Although the White House rightly argues that President Obama has put forward more women and as many African-American nominees than any president in history, black lawmakers, including iconic civil-rights leader Rep. John Lewis (D-Ga.), have criticized the White House for failing to propose enough minority judges that reflect individual states’ black populations, especially in the Deep South.

During a December press conference at Atlanta’s historic Ebenezer Baptist Church, Lewis and others singled out two white Obama nominees for Georgia, one of whom once advocated for the state’s restrictive voter-ID law and the other who voted to keep the Confederate emblem on the Georgia state flag. For months, other black lawmakers have complained to the White House about federal court vacancies in Florida, Alabama, North Carolina, and Alabama.

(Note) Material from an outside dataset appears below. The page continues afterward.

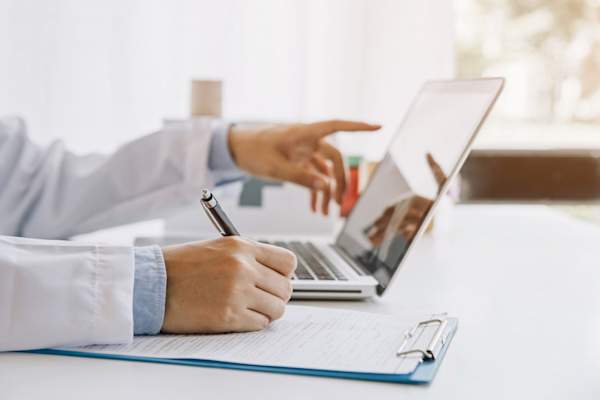Doctor writing medical documentation and using laptop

Last week, The Daily Beast obtained a letter signed by 41 members of the CBC warning that the administration is overseeing a federal bench in some states with “an inexcusable and unjustifiable lack of racial diversity that must be addressed.”

The most recent public rift began Wednesday, when the White House dispatched senior aide Valerie Jarrett and senior members of the White House Counsel’s Office to meet privately with top CBC members about nominations and other issues.

During the meeting, lawmakers said they expressed concern not only about the White House’s nominees, but also what they have seen as a lack of effort to get around Republican senators, who have held up, and in some cases completely blocked, candidates the CBC said were well qualified black Americans. An arcane Senate tradition known as “blue slipping” allows any individual senator to block a president’s judicial picks in their home states. Republican senators have blocked a number of the president’s picks since he took office, including minority nominees.

A White House official told The Daily Beast Wednesday’s meeting was “very positive,” while CBC Chairwoman Marcia Fudge said Jarrett had “assuaged” members’ concerns over what they see as a lack of diversity in some states. Rep. Eleanor Holmes Norton (D-DC) called it “a candid exchange.”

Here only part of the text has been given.